One additional component we have not mentioned until now
is storage space of uninitialised global variables. If we
declare a variable and give it an initial value, this value
needs to be stored in the executable file so that at program
start it can be initalised to the correct value. However many
variables are uninitialised (or zero) when the program is first
executed. Making space for these in the executable and then
simply storing zero or NULL values is a waste of space,
needlessly bloating the executable file-size on disk. Thus most
binary formats define the concept of a additional
BSS
section as a place-holder
size for zeroed, uninitialised data. On program load the extra
memory described by the BSS can be allocated (and set to zero!).
BSS probably stands for Block Started by
Symbol, an assembly command for a old IBM computer; the exact
derivation is probably lost to history.
2.2 Binary Format
The executable is created by the toolchain from the source code. This file needs to be in a format explicitly defined such that the compiler can create it and the operating system can identify it and load into memory, turning it into a running process that the operating system can manage. This executable file format can be specific to the operating system, as we would not normally expect that a program compiled for one system will execute on another (for example, you don't expect your Windows programs to run on Linux, or your Linux programs to run on OS X).

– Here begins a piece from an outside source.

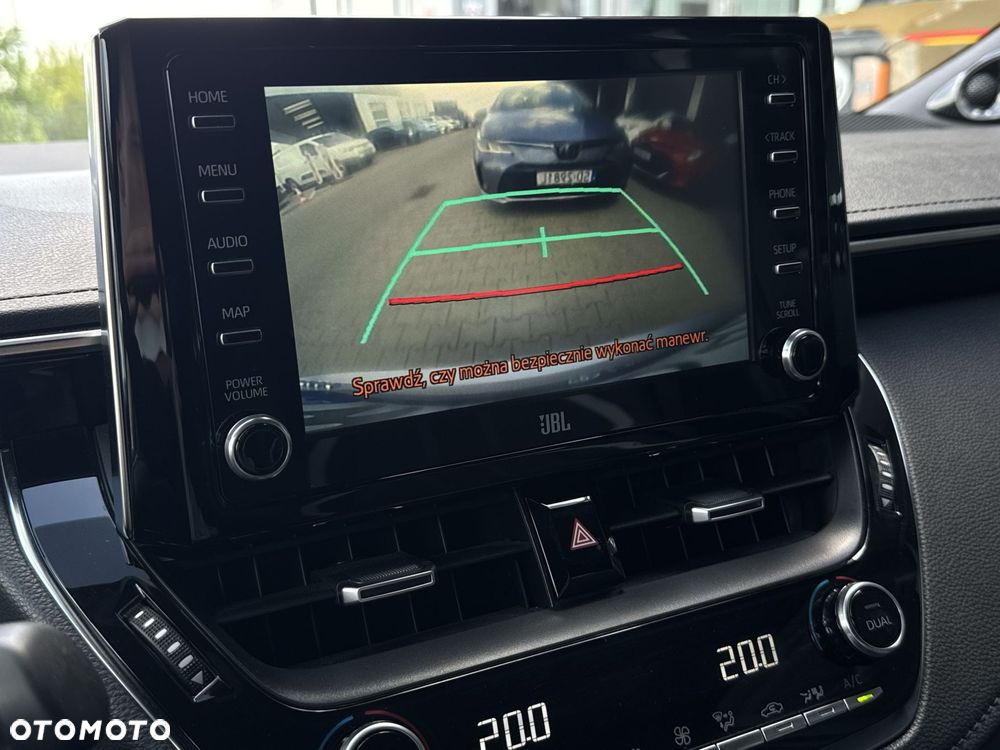 Toyota Corolla 2.0 Hybrid GR Sport - 24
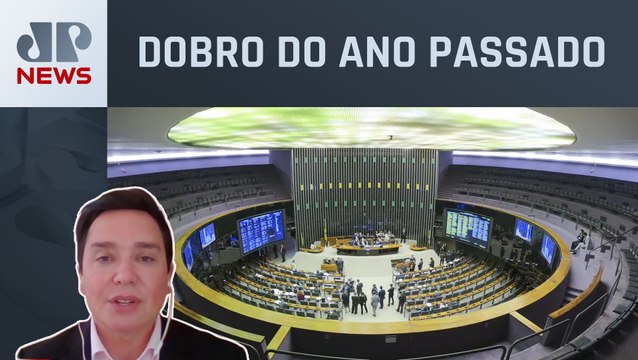 Governo destina R$ 34 bilhões para emendas parlamentares; Dantas analisa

However, the common thread between all executable file formats is that they include a predefined, standardised header which describes how program code and data are stored in the rest of the file. In words, it would generally describe "the program code starts 20 bytes into this file, and is 50 kilobytes long. The program data follows it and is 20 kilobytes long".

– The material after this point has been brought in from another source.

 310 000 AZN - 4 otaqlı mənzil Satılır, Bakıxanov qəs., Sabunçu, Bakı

In recent times one particular format has become the de facto
standard for executable representation for modern UNIX type
systems. It is called the Executable and Linker
Format
, or ELF for short; we'll be looking at
it in more detail soon.
2.3 Binary Format History
2.3.1 a.out
ELF was not always the standard; original UNIX systems
used a file format called
a.out
. We can see the
vestiges of this if you compile a program without the
-o
option to specify an output file name; the
executable will be created with a default name of
a.out
1.
a.out
is a very simple
header format that only allows a single data, code and BSS
section. As you will come to see, this is insufficient for
modern systems with dynamic libraries.
2.3.2 COFF
The Common Object File Format, or COFF, was the precursor to ELF. Its header format was more flexible, allowing more (but limited) sections in the file.
COFF also has difficulties with elegant support of shared libraries, and ELF was selected as an alternative implementation on Linux.
However, COFF lives on in Microsoft Windows as the
Portable Executable
or PE
format. PE is to Windows as ELF is to Linux.